Clinical Trial Summary

This is a study of adults with acute low back pain flare-up at risk of becoming chronic and disabling. The study tests how well spinal manipulation and guided selfcare work compared to standard medical care. The treatments last up to eight weeks and participants will be followed for one year.

Description:

The long-term goal is to reduce overall low back pain (LBP) burden by evaluating, first-line, non-drug treatment strategies that address the biological, psychological and social aspects of acute LBP and prevent transition to chronic back pain.

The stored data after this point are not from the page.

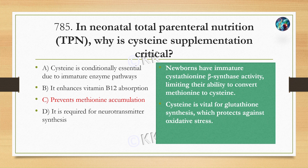Neonates have immature cystathionine beta-synthase activity, limiting their ability to convert methionine to cysteine. Cysteine is vital for glutathione synthesis, which protects the body against oxidative stress. This is why cysteine supplementation is essential in neonates.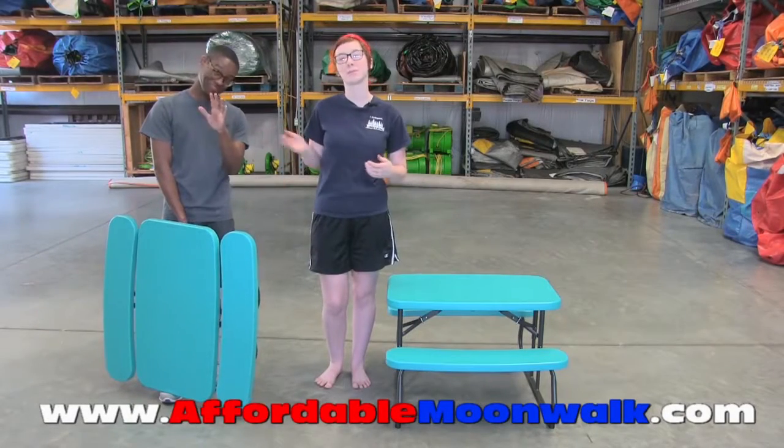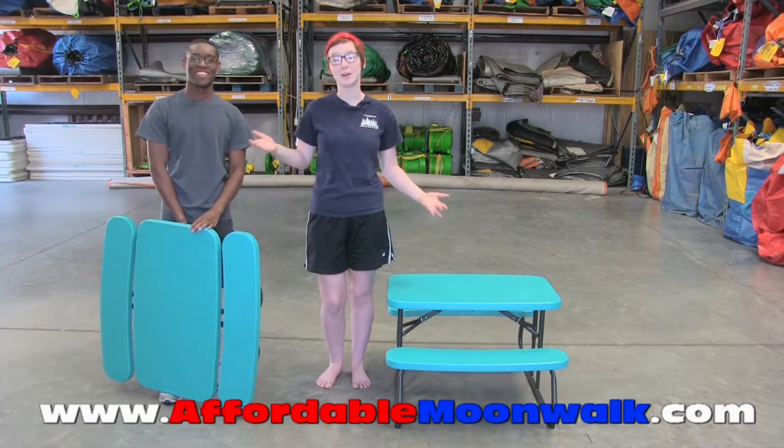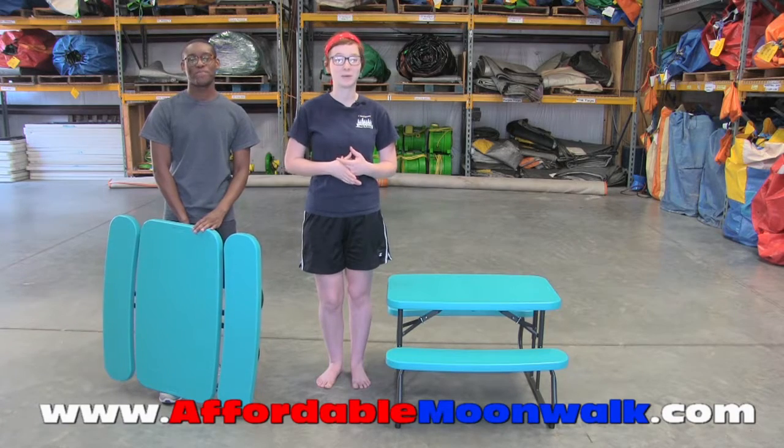Hello, this is Samantha and Rufus with Affordable Moonwalk here to show you a new product coming into our inventory this season.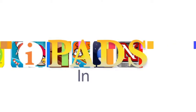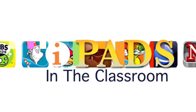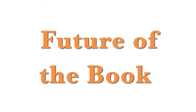Coming up on iPads in the Classroom: the future of the book. I'm Ashley Rokey, and I'm Guy Trainen, and this is iPads in the Classroom from TechEdge. Today we're talking about the future of the book.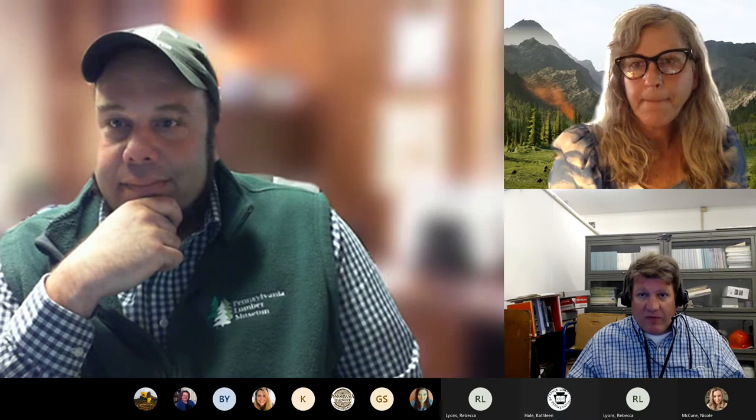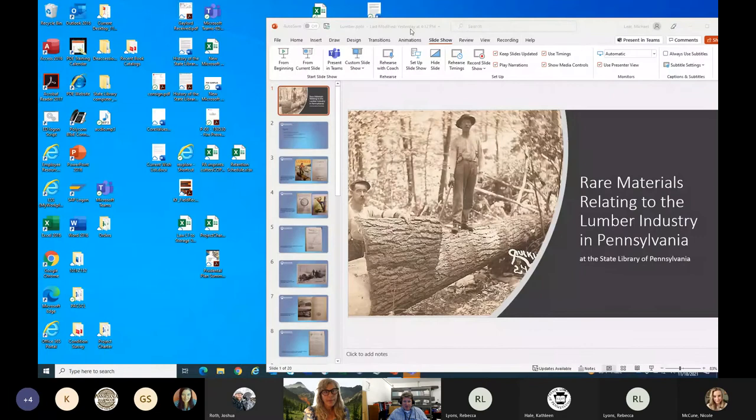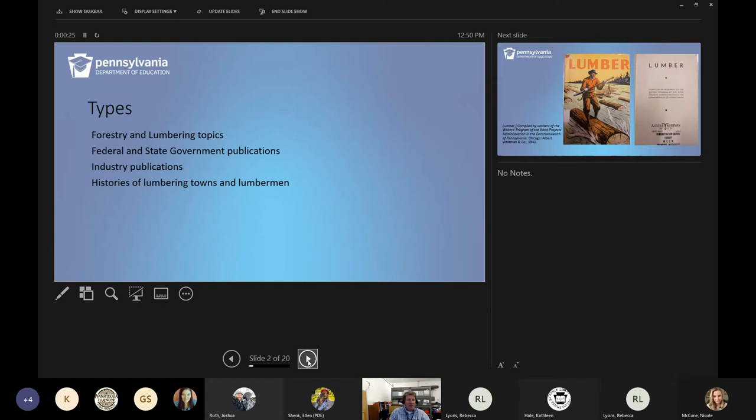Thank you so much, Josh — it's fascinating. Michael and Kathy have put together a resource guide linked in the chat. Michael presents highlights from the State Library's collection on forestry and lumbering topics, including federal and state government publications and industry publications. These include works on lumber and different parts of a tree, making money from woodlots, white pine and hemlock in Pennsylvania, lumber prices during World War I, insects damaging trees in Pennsylvania, a book on Pennsylvania state official and lumberman Philip Dewey with images of lumbering in Cameron County, and a book on the log boom at Williamsport on the Susquehanna.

The study will also assess barriers and facilitators that impact future implementation of the non-drug treatments into clinical practice. The US faces an unprecedented pain management crisis. LBP is the most common chronic pain condition in adults and one of the leading causes of disability worldwide. Guidelines have recommended non-drug treatments like spinal manipulation and behavioral and selfcare approaches for LBP for nearly a decade, yet uptake and adherence has been poor. Little is known about the role of these treatments in the secondary prevention of chronic LBP, especially for patients at risk of developing severe low back pain. Due to high societal costs, and side effects of commonly used drug treatments, including opioids, there is a critical need for research on how well non-drug treatments work for preventing serious chronic LBP.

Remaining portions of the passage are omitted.